REQUIRED WORK —
What you return must match, exactly, the lines running from the one containing "24 Beran Drive, Toronto, Ontario" to the end of the data, both included, and must contain no pictures.

Pictures with short captions
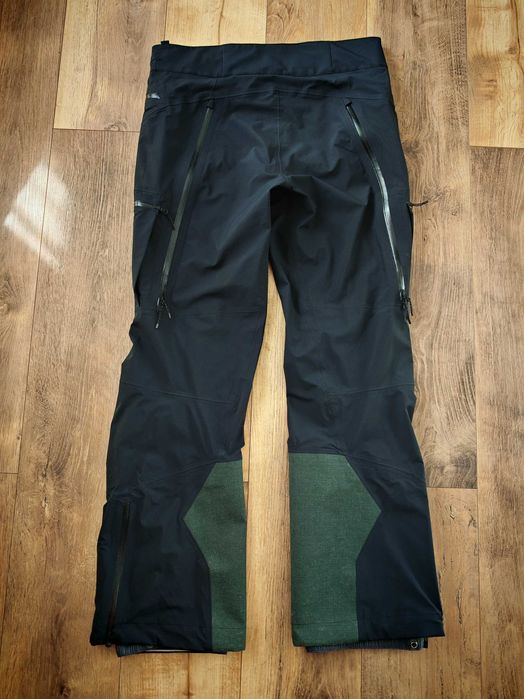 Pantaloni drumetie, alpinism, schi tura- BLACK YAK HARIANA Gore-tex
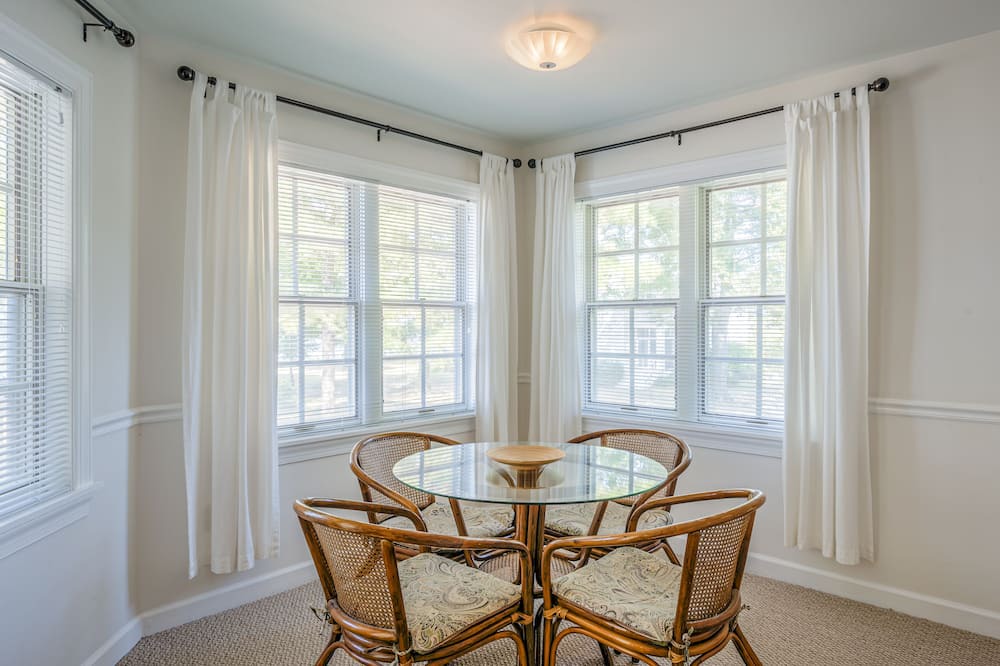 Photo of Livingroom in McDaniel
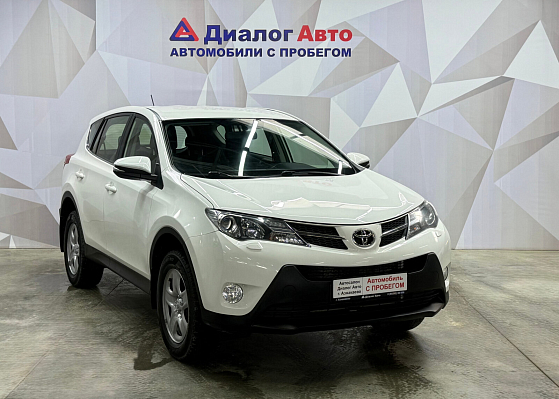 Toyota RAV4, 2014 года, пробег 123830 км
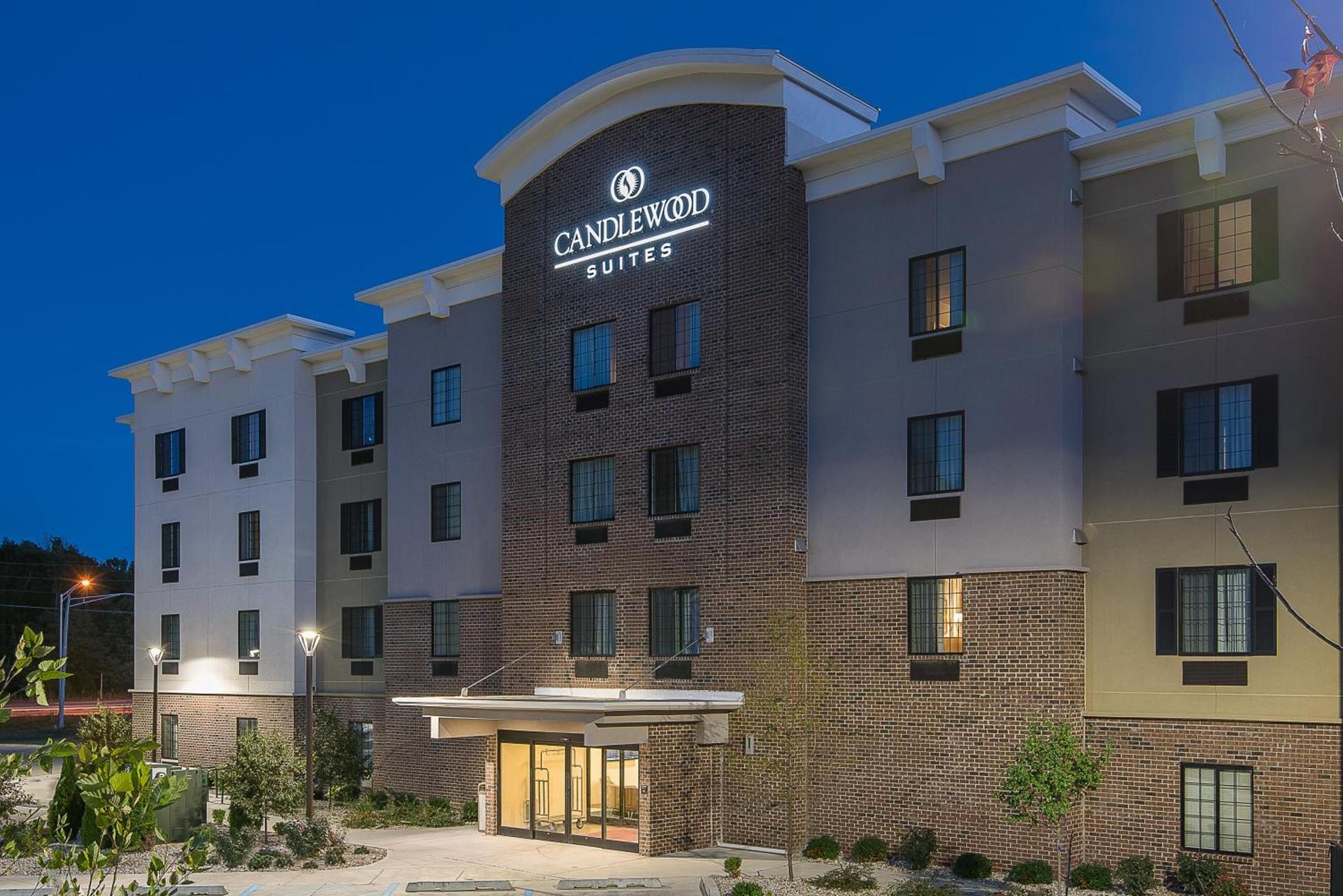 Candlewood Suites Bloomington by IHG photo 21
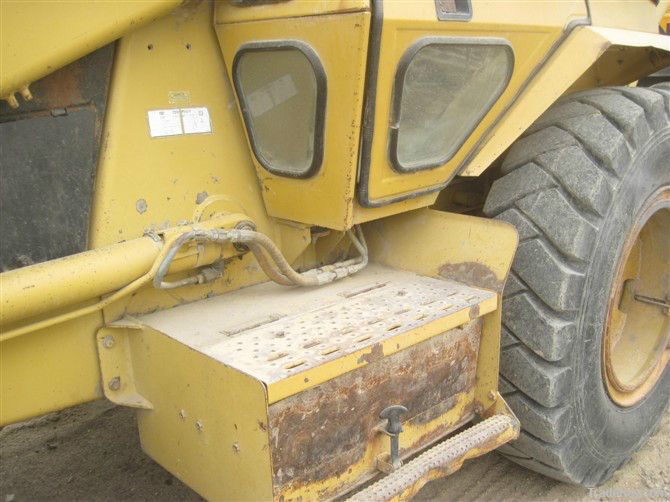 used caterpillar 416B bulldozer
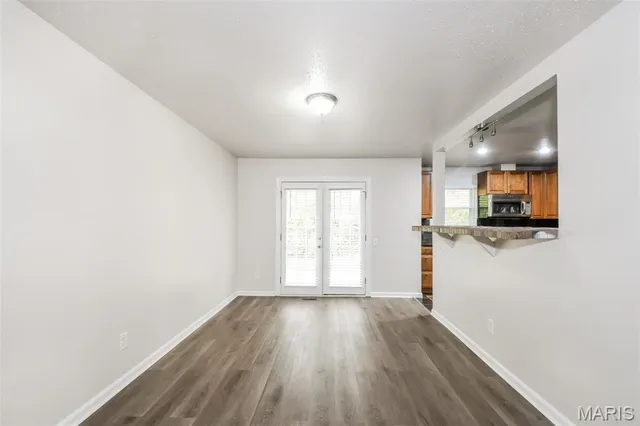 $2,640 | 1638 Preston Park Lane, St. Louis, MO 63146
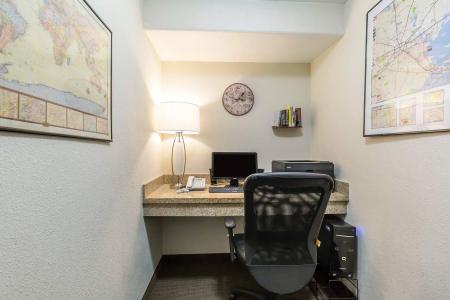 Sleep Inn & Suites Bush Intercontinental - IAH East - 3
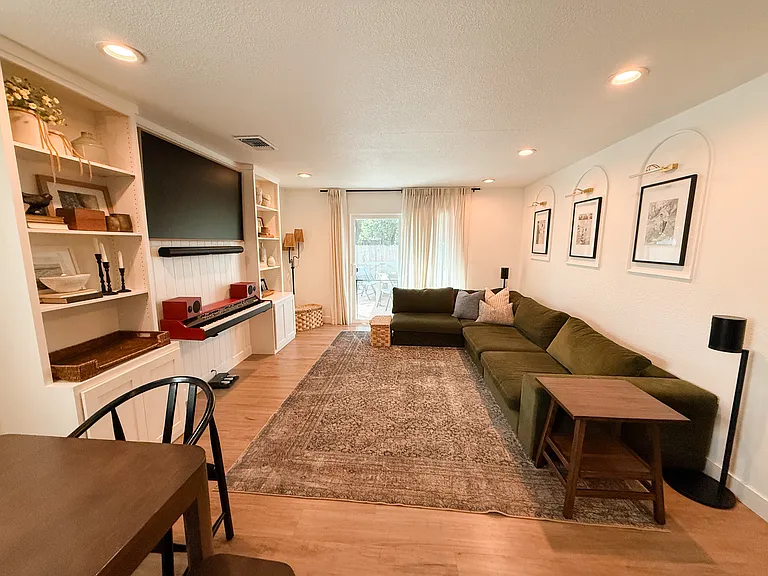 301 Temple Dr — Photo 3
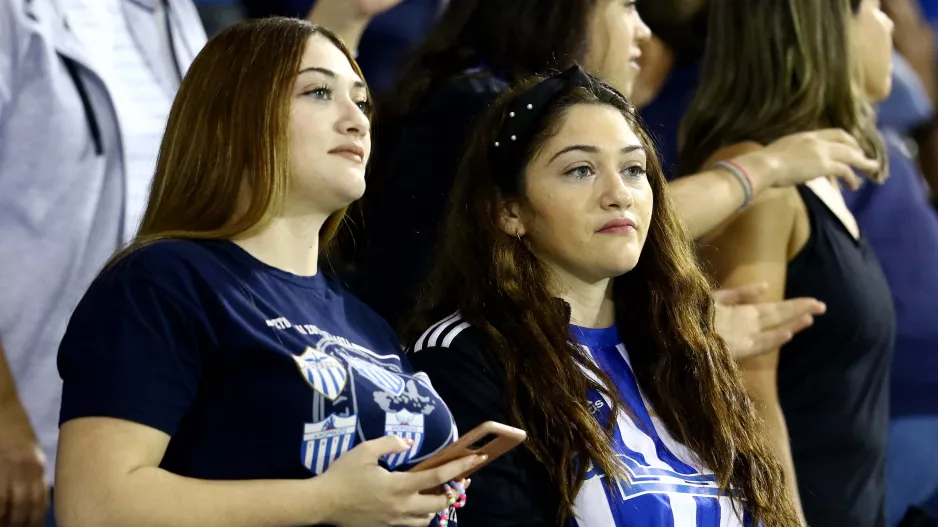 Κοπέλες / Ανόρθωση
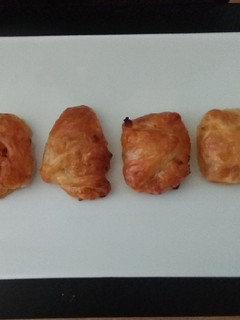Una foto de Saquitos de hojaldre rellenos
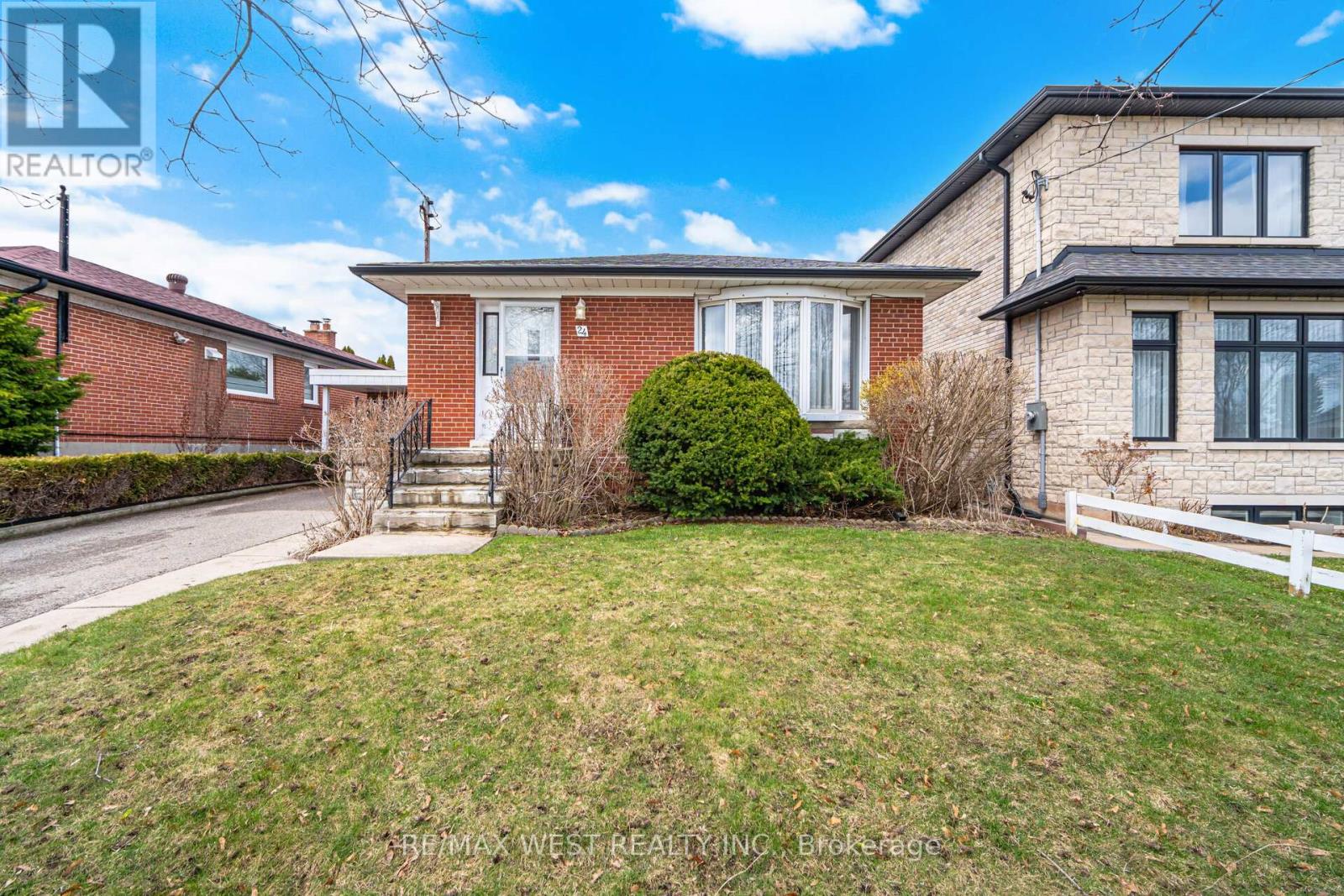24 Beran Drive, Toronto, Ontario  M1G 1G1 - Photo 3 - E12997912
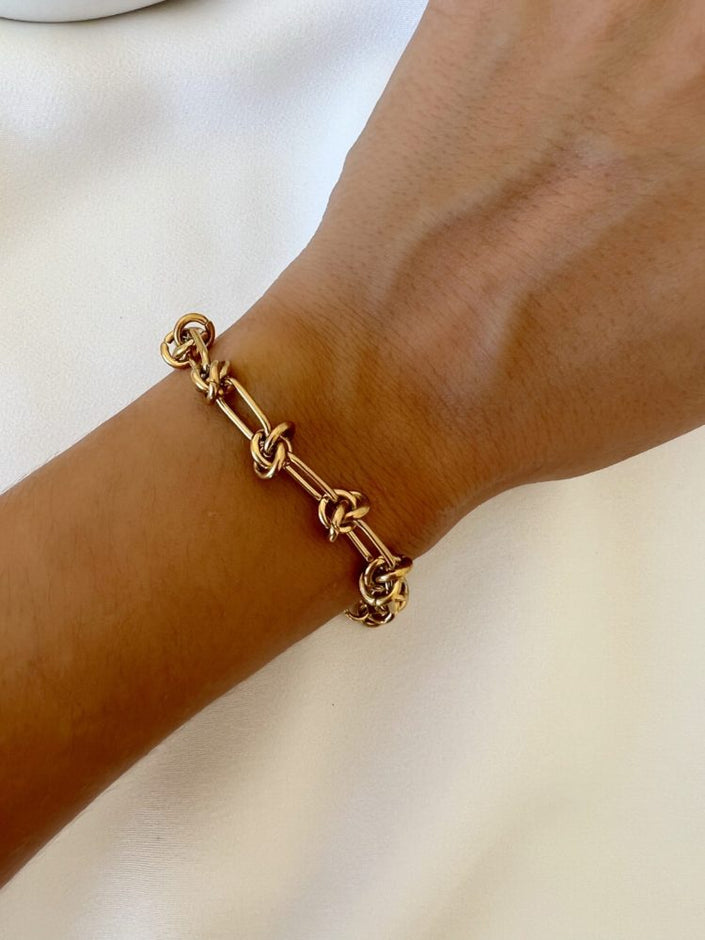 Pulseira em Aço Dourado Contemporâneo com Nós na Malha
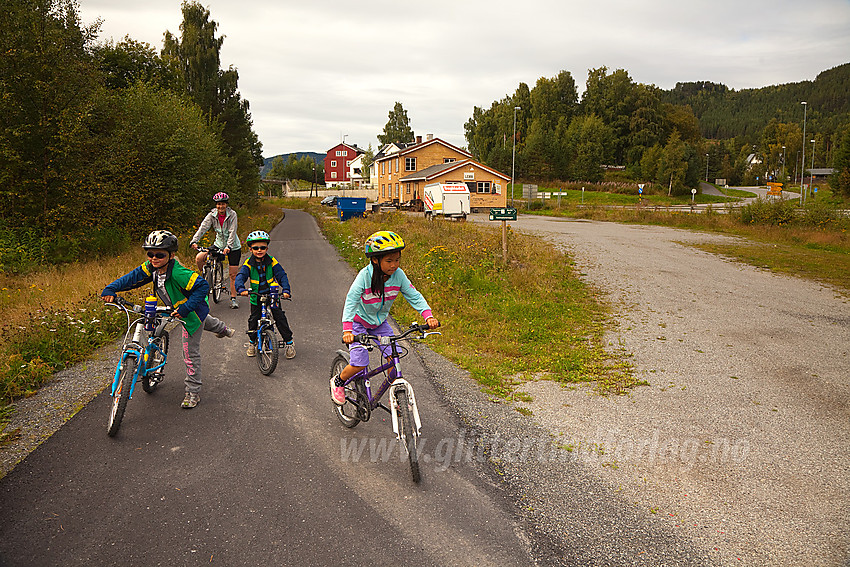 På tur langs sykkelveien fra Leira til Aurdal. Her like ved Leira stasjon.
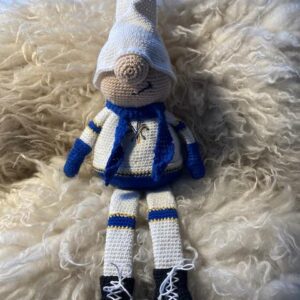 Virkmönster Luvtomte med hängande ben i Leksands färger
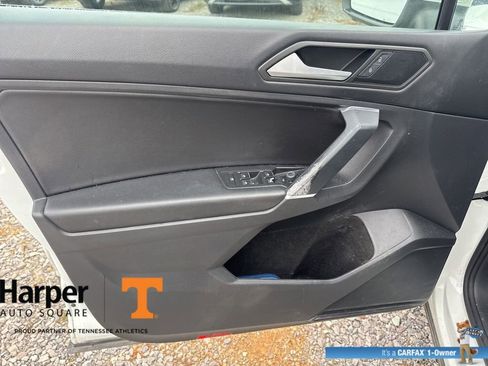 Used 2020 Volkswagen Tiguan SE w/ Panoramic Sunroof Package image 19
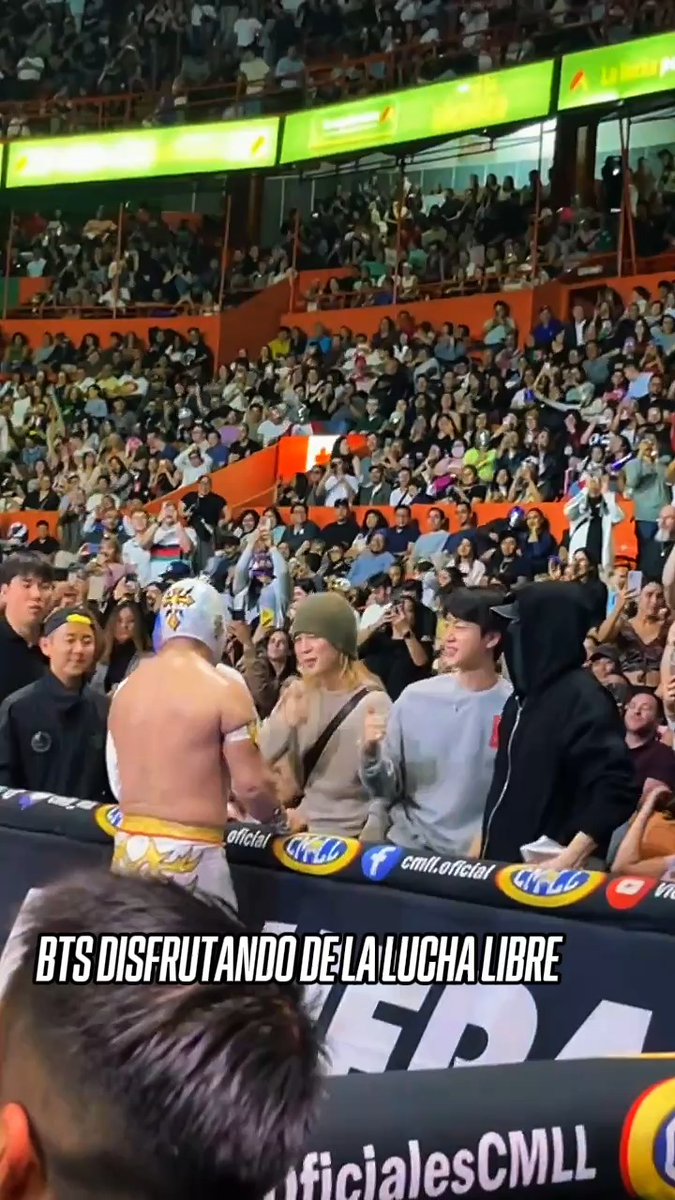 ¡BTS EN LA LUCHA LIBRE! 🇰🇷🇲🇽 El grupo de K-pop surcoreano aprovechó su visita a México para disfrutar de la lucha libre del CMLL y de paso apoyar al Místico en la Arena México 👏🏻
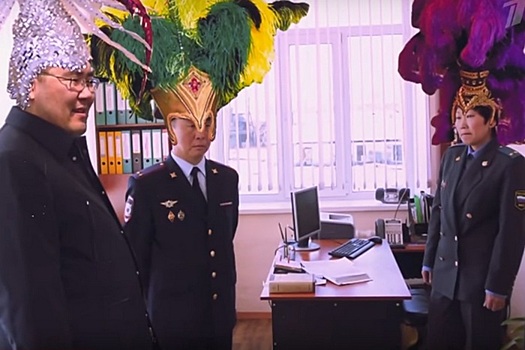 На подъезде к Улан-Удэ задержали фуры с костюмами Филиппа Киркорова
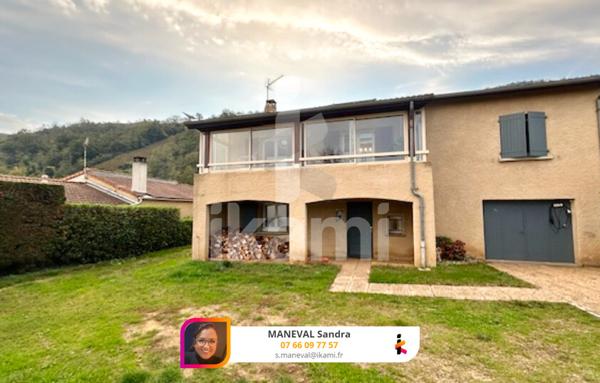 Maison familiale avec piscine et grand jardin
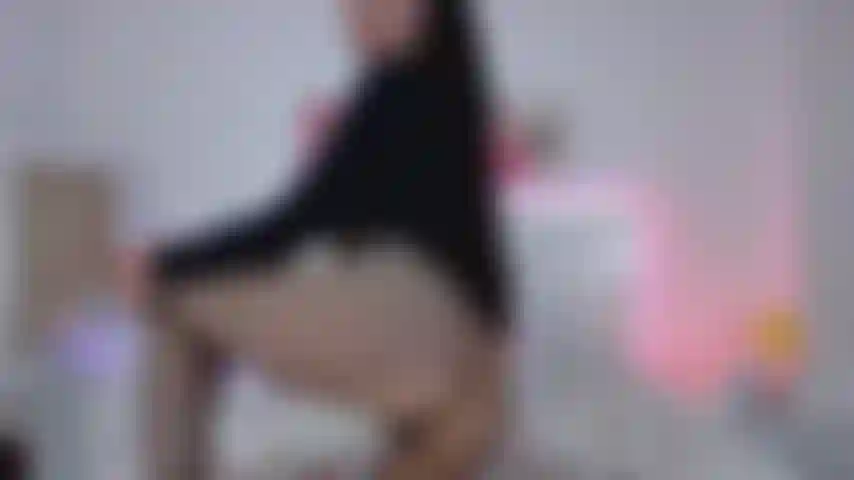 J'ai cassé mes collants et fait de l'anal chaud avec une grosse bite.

PROBLEM SOLUTION —
24 Beran Drive, Toronto, Ontario  M1G 1G1 - Photo 3 - E12997912
 Pulseira em Aço Dourado Contemporâneo com Nós na Malha
 På tur langs sykkelveien fra Leira til Aurdal. Her like ved Leira stasjon.
 Virkmönster Luvtomte med hängande ben i Leksands färger
 Used 2020 Volkswagen Tiguan SE w/ Panoramic Sunroof Package image 19
 ¡BTS EN LA LUCHA LIBRE! 🇰🇷🇲🇽 El grupo de K-pop surcoreano aprovechó su visita a México para disfrutar de la lucha libre del CMLL y de paso apoyar al Místico en la Arena México 👏🏻
 На подъезде к Улан-Удэ задержали фуры с костюмами Филиппа Киркорова
 Maison familiale avec piscine et grand jardin
 J'ai cassé mes collants et fait de l'anal chaud avec une grosse bite.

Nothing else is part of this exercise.